Комиссар Рёпке закрыл свою папку и выключил аппарат.

– Но тогда нельзя полностью исключить и того, что она сама в семь часов девять минут приняла адресованную ей телеграмму, так ведь? – обратился Зибек к комиссару. – Что удалось установить в этой связи?

– Фрау ван Хенгелер, когда я разговаривал с ней по телефону, была настолько потрясена, что несколько секунд вообще ничего не могла сказать, а затем попросила прислать все-таки в «Клифтон» полицейского. Она совершенно обезумела и успокоилась лишь, когда я сказал, что полковник в любом случае обеспечит им надежную защиту. Девушка заявила, что не верит ни одному моему слову. Она в то время чистила обувь в подвале и вообще ничего не заметила. Кадулейт работал в саду, а Вилли еще спала. Полковник спросил, не разыгрываю ли я его, заметив, что дело достаточно серьезное. Он поверил мне с трудом и в итоге не сумел найти никакого объяснения. Я попросил сотрудницу телеграфа им позвонить. Сначала к телефону подошла фрау ван Хенгелер, и я велел телеграфистке позвать к телефону Хайде. Таким образом, она услышала голоса обеих женщин из «Клифтона», но не смогла установить идентичность ни одного из них с тем голосом, что отвечал ей утром, ведь было произнесено всего три слова: «Да, у телефона». Таким образом, мы имеем две возможности: либо Робертс действительно в семь часов девять минут находилась у телефона, либо разговор вела одна из тех женщин. И если какая-то из них хочет, именно хочет, ввести нас в заблуждение по неизвестной пока причине, то мы никогда не узнаем, кто сегодня утром действительно произнес в трубку эти три слова: «Да, у телефона». Добавлю еще, что ни одна из женщин не ответила телеграфистке теми же словами. Вилли сказала: «Говорит Виллемина ван Хенгелер, пожалуйста, кто у телефона?», а Хайде спросила просто: «Кто это?»

– В конце концов, приходится учитывать и то, – заметил Хорншу, – что у всех обитателей «Клифтона» было достаточно времени и возможностей уничтожить любые следы, если б кто-то из них и в самом деле имел отношение к этому делу. Но у меня создалось впечатление, что никто не предпринимал ни малейшей попытки что-либо скрыть.

Рёпке включил свет.

– Господа, мы теряемся в предположениях, – сказал Зибек. – Пока что не случилось ничего, кроме исчезновения женщины. При загадочных обстоятельствах, тут уж ничего не поделаешь. А теперь необходимо выяснить, кто дал телеграмму с этим «не выйдет». Робертс уже знает об этой истории?

– Трудно сказать, – пожал плечами Кеттерле. – Родственников извещает местная полиция. В данном случае я ничего не имел против. Меня не привлекают сильные ощущения.

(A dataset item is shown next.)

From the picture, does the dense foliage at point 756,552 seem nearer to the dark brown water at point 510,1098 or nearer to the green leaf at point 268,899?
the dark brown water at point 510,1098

Зибек как раз собирался уйти. Он нервно стряхнул пепел с сигареты.

– Конечно, Ганновер с удовольствием навесит нам это дело, тем более что мы его уже начали. Сами понимаете. Они скажут, что мы уже познакомились с обстоятельствами, лучше знаем местность и так далее. И если вы собираетесь работать над ним и дальше...

Никто из криминалистов и не подозревал в ту минуту, что вопрос, кому вести дело, разрешится в ближайшее время сам собой.

– Я – человек любопытный, – пробурчал Кеттерле.

– Вам интересно, кто третье лицо? – спросил Зибек.

– Нет, – ответил Кеттерле, – интересно, почему все-таки она стерла косметику. Если вы ничего не имеете против, завтра утром я отправлюсь к Робертсу и задам ему парочку вопросов.

Как и каждое утро, сквозь сон она услышала голоса детей. Они что-то там вырезали или раскрашивали. Значит, было уже около семи. Раньше дети не просыпались.

Она нащупала выключатель. В тот же момент до нее донеслось жужжание электробритвы из ванной.

– Поставь чайник, пожалуйста.

Из ванной послышалось ворчание, потом жужжание бритвы прекратилось, и Ханс-Пауль прошаркал в кухню. Звякнула посуда, полилась вода из крана, затем на медленно раскаляющейся конфорке плиты зашипели капли.

И хотя вчера вечером она убрала всю квартиру, сегодня утром снова был кавардак, и вечером будет кавардак, он будет и завтра, и послезавтра, и через два месяца, и через три года. За год она успевала вымыть столько посуды, что, если поставить тарелки друг на друга, они превысили бы Эйфелеву башню, а общую длину сигарет, которые она при этом выкурила, ей вообще представить было страшно. И вот так проходила жизнь.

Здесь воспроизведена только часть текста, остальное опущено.